Brief: Reproduce the listing exactly, so that no line differs from the original.

Data block:
- - - - -

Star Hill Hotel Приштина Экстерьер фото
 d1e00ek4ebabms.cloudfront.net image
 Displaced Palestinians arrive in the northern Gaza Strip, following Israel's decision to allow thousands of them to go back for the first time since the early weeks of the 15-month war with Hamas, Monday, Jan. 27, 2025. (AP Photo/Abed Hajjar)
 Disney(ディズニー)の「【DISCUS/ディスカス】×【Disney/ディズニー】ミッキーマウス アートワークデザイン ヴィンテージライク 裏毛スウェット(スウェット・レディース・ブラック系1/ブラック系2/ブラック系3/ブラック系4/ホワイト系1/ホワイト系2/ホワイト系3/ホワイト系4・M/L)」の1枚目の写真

- - - - -

Result:
Star Hill Hotel Приштина Экстерьер фото
 d1e00ek4ebabms.cloudfront.net image
 Displaced Palestinians arrive in the northern Gaza Strip, following Israel's decision to allow thousands of them to go back for the first time since the early weeks of the 15-month war with Hamas, Monday, Jan. 27, 2025. (AP Photo/Abed Hajjar)
 Disney(ディズニー)の「【DISCUS/ディスカス】×【Disney/ディズニー】ミッキーマウス アートワークデザイン ヴィンテージライク 裏毛スウェット(スウェット・レディース・ブラック系1/ブラック系2/ブラック系3/ブラック系4/ホワイト系1/ホワイト系2/ホワイト系3/ホワイト系4・M/L)」の1枚目の写真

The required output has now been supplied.